We can protect the character of Brighton’s residential neighborhoods while still making room for the next generation to live here—and for longtime residents to stay here. That means simplifying a permitting process that has become overly restrictive and unpredictable, and allowing more right-sized housing in the right places: near commercial centers, with existing infrastructure to support growth. Done thoughtfully, more housing choice can keep costs in check, support local businesses, and keep Brighton accessible to young families, seniors looking to downsize, and people who want to move back home.

Making Brighton Affordable With Smart Growth 

Property taxes in Brighton reflect the value of living here, funding the public services, excellent schools, and park system that make this town what it is. But right now, Brighton is the hardest place in Monroe County to raise a family. It doesn't have to be. Too much of the tax burden falls on homeowners and renters because our tax base is overwhelmingly residential. When our commercial centers stay underbuilt and half-empty, families end up carrying the load—and that burden is felt most acutely by seniors on fixed incomes, working families, and renters who have little control over rising costs.

Vibrant commercial centers aren't just about restaurants and coffee shops – they're about tax fairness, economic diversity, and long term resilience. By attracting and supporting more local businesses, offices, and mixed-use development in the right places, we can grow our commercial tax base, bring in new revenue, and gradually shift some of the burden off  residential taxpayers. This would generate the sustainable funding needed for the public amenities our community deserves—like expansion of our pedestrian and bike system, recreation facilities and programs, and a community center—while fully funding the schools and services that Brighton residents and businesses rely upon.

Increasing Transparency

Town government works best when people feel informed and included. Recent changes to the waste and recycling contract—like moving to every-other-week recycling—left many residents surprised and frustrated, in part because the data, options, and tradeoffs weren’t clearly shared ahead of time. Our communication tools and habits haven’t kept up with what Brighton residents expect.
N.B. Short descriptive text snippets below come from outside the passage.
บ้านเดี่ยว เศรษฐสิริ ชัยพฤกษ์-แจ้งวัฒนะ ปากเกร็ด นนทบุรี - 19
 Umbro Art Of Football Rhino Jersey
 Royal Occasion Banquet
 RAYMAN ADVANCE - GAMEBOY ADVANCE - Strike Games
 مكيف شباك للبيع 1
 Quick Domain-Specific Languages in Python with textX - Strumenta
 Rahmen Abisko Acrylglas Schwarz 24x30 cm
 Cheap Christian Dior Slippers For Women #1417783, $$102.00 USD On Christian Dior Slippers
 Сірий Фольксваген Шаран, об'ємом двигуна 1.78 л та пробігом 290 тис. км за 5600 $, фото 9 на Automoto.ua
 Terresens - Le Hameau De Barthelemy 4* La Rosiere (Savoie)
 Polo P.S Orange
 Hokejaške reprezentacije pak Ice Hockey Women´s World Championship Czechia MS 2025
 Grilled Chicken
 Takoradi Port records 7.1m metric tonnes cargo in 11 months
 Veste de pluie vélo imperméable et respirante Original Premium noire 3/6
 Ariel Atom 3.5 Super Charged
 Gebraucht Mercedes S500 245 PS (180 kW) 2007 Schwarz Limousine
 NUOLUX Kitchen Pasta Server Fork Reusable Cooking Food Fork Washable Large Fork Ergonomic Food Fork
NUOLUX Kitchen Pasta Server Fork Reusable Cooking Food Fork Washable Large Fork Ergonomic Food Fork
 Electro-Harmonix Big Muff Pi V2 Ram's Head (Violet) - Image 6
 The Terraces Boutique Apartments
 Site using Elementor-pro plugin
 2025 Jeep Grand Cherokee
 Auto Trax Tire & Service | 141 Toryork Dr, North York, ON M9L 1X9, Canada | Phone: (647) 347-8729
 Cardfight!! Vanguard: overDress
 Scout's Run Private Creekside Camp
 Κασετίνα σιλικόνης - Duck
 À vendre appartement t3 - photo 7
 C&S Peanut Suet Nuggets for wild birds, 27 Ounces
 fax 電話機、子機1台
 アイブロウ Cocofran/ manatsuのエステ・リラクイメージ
Brighton government needs to be easier to see, easier to understand, and easier to reach. That means a regular email newsletter, a cleaner and more modern website, and simple ways to get answers from the town. For major contracts and policy changes, the underlying information must be shared upfront and resident input actively invited. Brighton already has committed staff and strong institutions; we need to match that with a culture of openness and engagement that treats residents as partners in how the town is run.

Encouraging Clean, Affordable Energy 

Clean, affordable energy will be a cornerstone of our town’s future – strengthening our local economy, protecting our environment, and keeping life in Brighton stable and predictable for families and businesses.

We can get there by modernizing and streamlining the permitting process for safe, clean energy projects, including stand-alone battery storage. The goal is simple: uphold rigorous safety standards while building a responsive, solutions-first town government that works to get to yes – so we can improve reliability, reduce blackout risk, and help keep long-term energy costs in check.